## Assignment
Write out the records again exactly and exclude the pictures.

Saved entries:
[Start of Attachment]
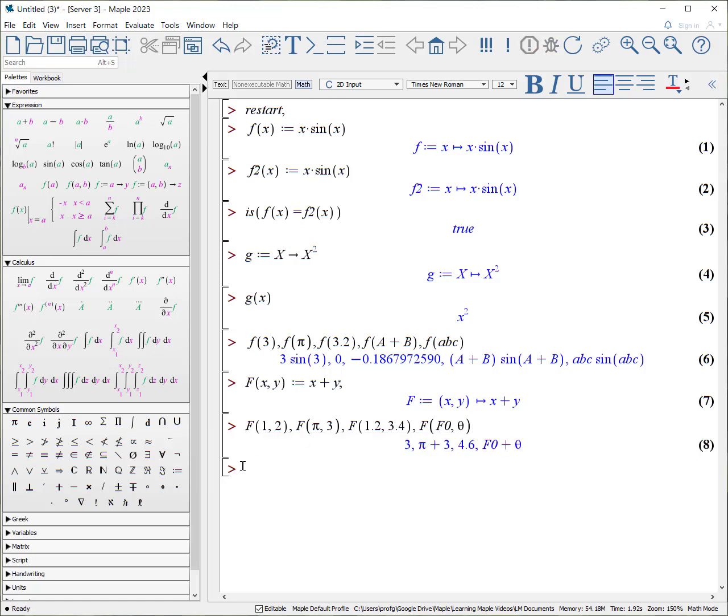And it goes through F of 1.2 is 3, F of pi, 3 is 3 pi, 4.6, F of 0, and theta.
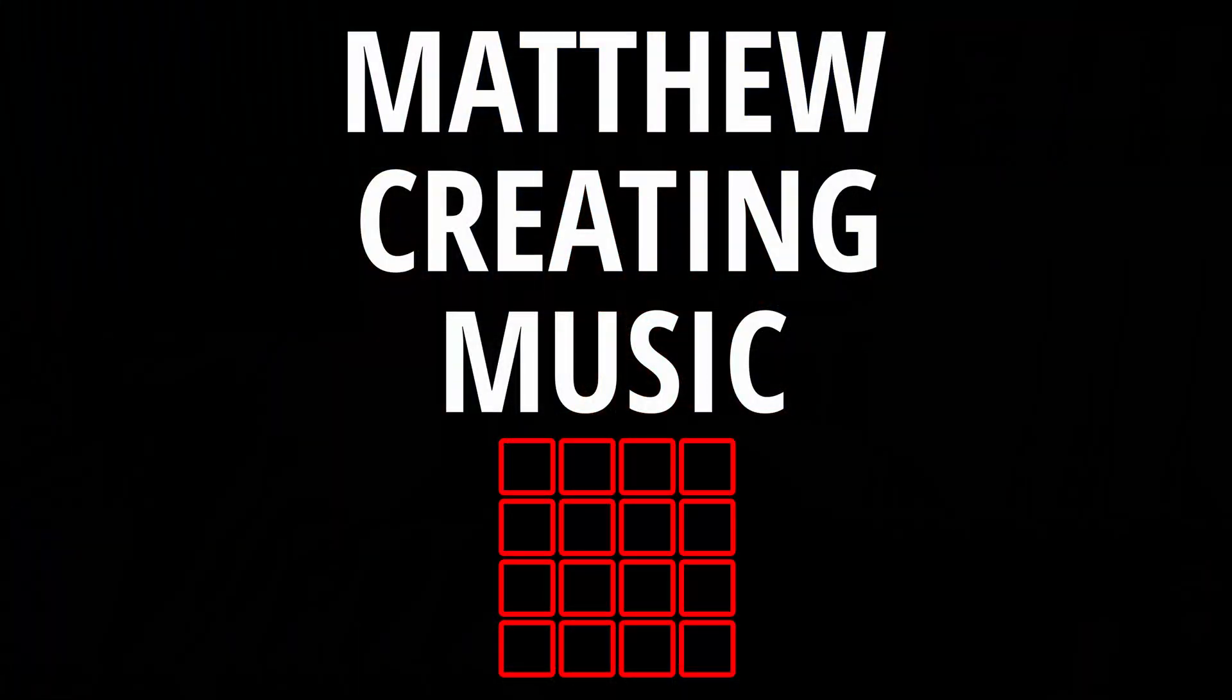This video is going to cover how to create and save drum kits inside of MPC Beats. Check it out! What's up? My name is Matthew Stratton with MatthewCreating.com. On this channel, I do setup videos, tutorials, and overviews like this one helping you make music. If you're new here, consider subscribing.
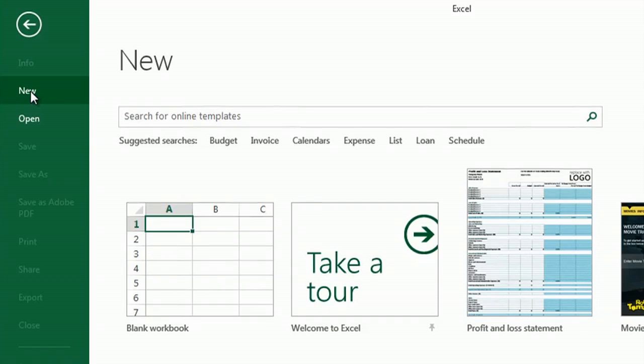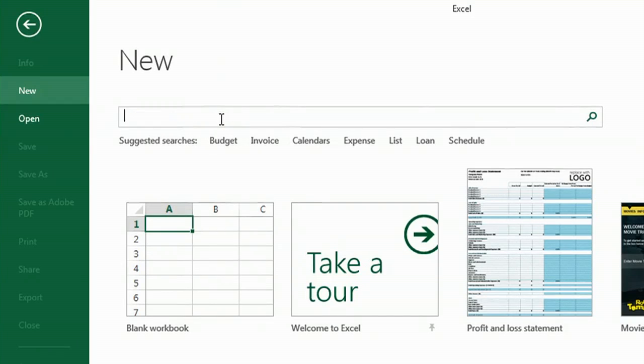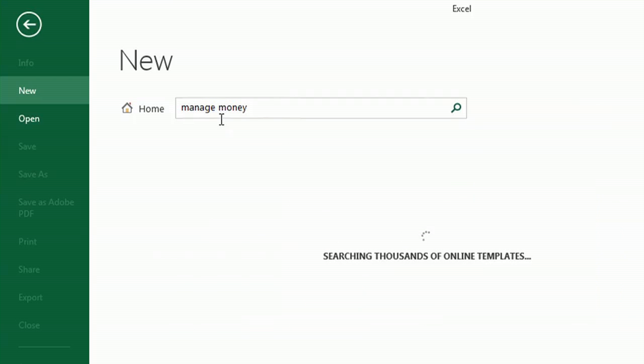So the easiest and best way to do this is to open Excel and go to new, and we're going to search for a template. So let's try manage money and see what comes up.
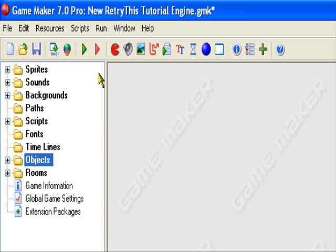Hello and welcome to an original retry this production. Today I'll be teaching you about the basic aspects of a two player game in Game Maker.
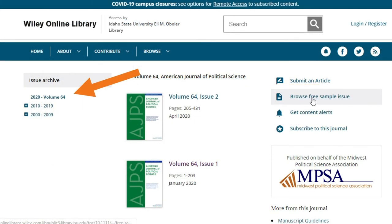On the publisher's website, you can look at the archived issues of this particular journal in the left column. You may also see the most current issues displayed prominently on the page.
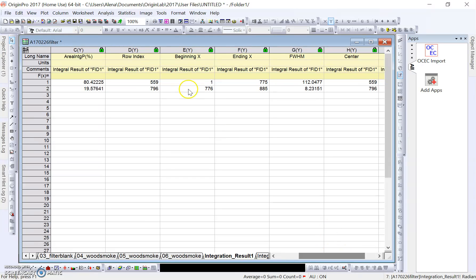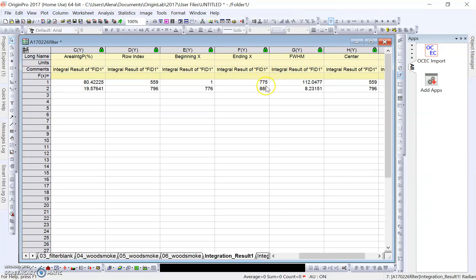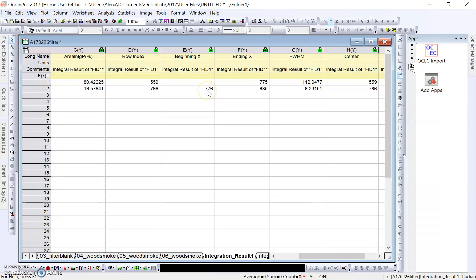As we can see looking over here, beginning X, that's just the time, so one second in this case, and ending X, so it ended at 775 seconds. Then the second range, as I said earlier, 776 seconds to 885.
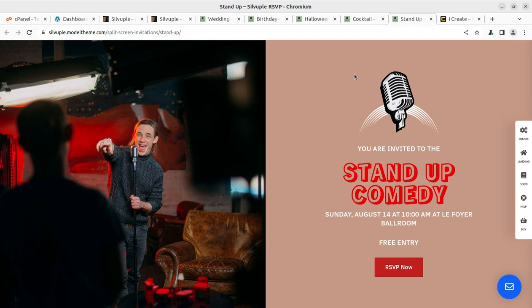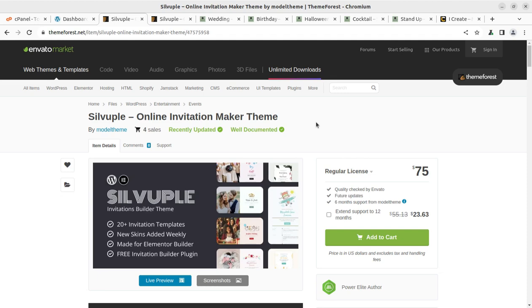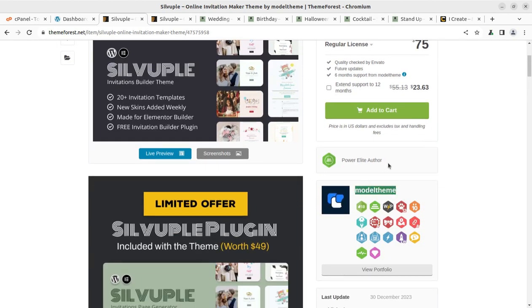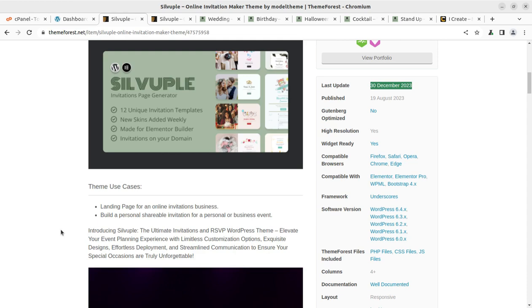We are going to create a demo website in this video itself. If you are new to this channel, please subscribe and continue watching until the end if you really want to understand the features and possibilities with this theme, because without understanding any theme you cannot buy it. The theme we are going to use is Silver Pearl — it is a theme dedicated for online invitations, so it can be called an online invitation maker WordPress theme. It has been developed by Model Theme, a power author at ThemeForest.net. This is a new theme that came into existence a few months back, and the last update was done just a few days ago. It is the ultimate invitation and RSVP theme that will elevate your event planning experience with limitless customization options.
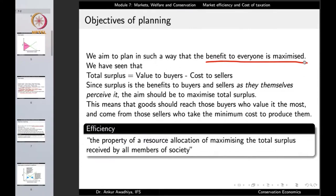Total surplus is the value to buyers minus the cost to sellers. Since surplus is the benefit to buyers and sellers as they themselves perceive it, the aim should be to maximize total surplus — maximizing value to buyers and minimizing cost to sellers.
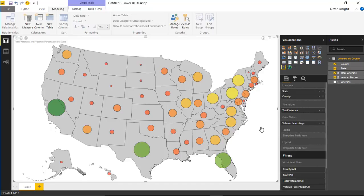Hope you guys enjoyed this one. It's a good collection of maps added to the Power BI custom visual gallery and you can use them for any mapping capabilities you have — importing your own shapefiles as needed. Look forward to showing you the next custom visual module. Thanks a lot.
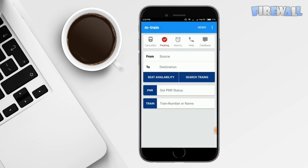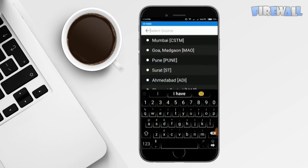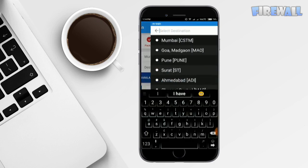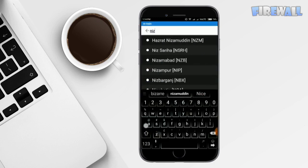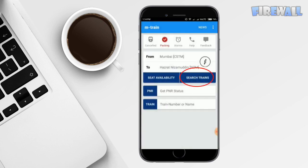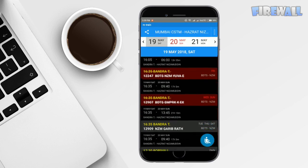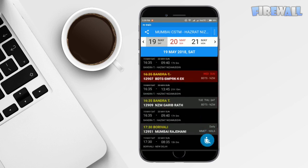This is the home page of M-Train app. Enter the source and the destination of your visit to search and check seat availability of trains. Enter source, enter destination, click on search trains. This search result will show all the trains you are searching for with the train timings too.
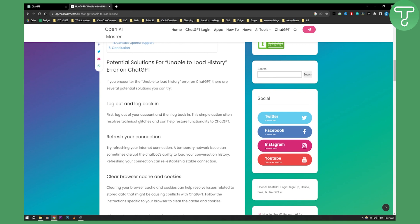So that's how you can fix a ChatGPT unable to load history error. If you have any questions or comments, you can comment down below and we'll see you in the next video. Thank you guys for watching.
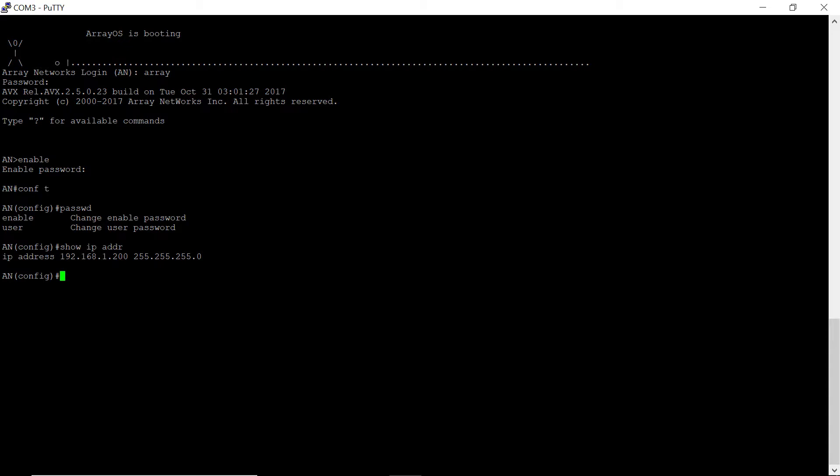If you wish to change the IP address, enter IP address, followed by your new IP address and the net mask. For example, 10.10.0.2 255.255.255.0.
[End of Attachment]
## Written answer
And it goes through F of 1.2 is 3, F of pi, 3 is 3 pi, 4.6, F of 0, and theta.
This video is going to cover how to create and save drum kits inside of MPC Beats. Check it out! What's up? My name is Matthew Stratton with MatthewCreating.com. On this channel, I do setup videos, tutorials, and overviews like this one helping you make music. If you're new here, consider subscribing.
So the easiest and best way to do this is to open Excel and go to new, and we're going to search for a template. So let's try manage money and see what comes up.
Hello and welcome to an original retry this production. Today I'll be teaching you about the basic aspects of a two player game in Game Maker.
On the publisher's website, you can look at the archived issues of this particular journal in the left column. You may also see the most current issues displayed prominently on the page.
As we can see looking over here, beginning X, that's just the time, so one second in this case, and ending X, so it ended at 775 seconds. Then the second range, as I said earlier, 776 seconds to 885.
We are going to create a demo website in this video itself. If you are new to this channel, please subscribe and continue watching until the end if you really want to understand the features and possibilities with this theme, because without understanding any theme you cannot buy it. The theme we are going to use is Silver Pearl — it is a theme dedicated for online invitations, so it can be called an online invitation maker WordPress theme. It has been developed by Model Theme, a power author at ThemeForest.net. This is a new theme that came into existence a few months back, and the last update was done just a few days ago. It is the ultimate invitation and RSVP theme that will elevate your event planning experience with limitless customization options.
Total surplus is the value to buyers minus the cost to sellers. Since surplus is the benefit to buyers and sellers as they themselves perceive it, the aim should be to maximize total surplus — maximizing value to buyers and minimizing cost to sellers.
Hope you guys enjoyed this one. It's a good collection of maps added to the Power BI custom visual gallery and you can use them for any mapping capabilities you have — importing your own shapefiles as needed. Look forward to showing you the next custom visual module. Thanks a lot.
This is the home page of M-Train app. Enter the source and the destination of your visit to search and check seat availability of trains. Enter source, enter destination, click on search trains. This search result will show all the trains you are searching for with the train timings too.
So that's how you can fix a ChatGPT unable to load history error. If you have any questions or comments, you can comment down below and we'll see you in the next video. Thank you guys for watching.
If you wish to change the IP address, enter IP address, followed by your new IP address and the net mask. For example, 10.10.0.2 255.255.255.0.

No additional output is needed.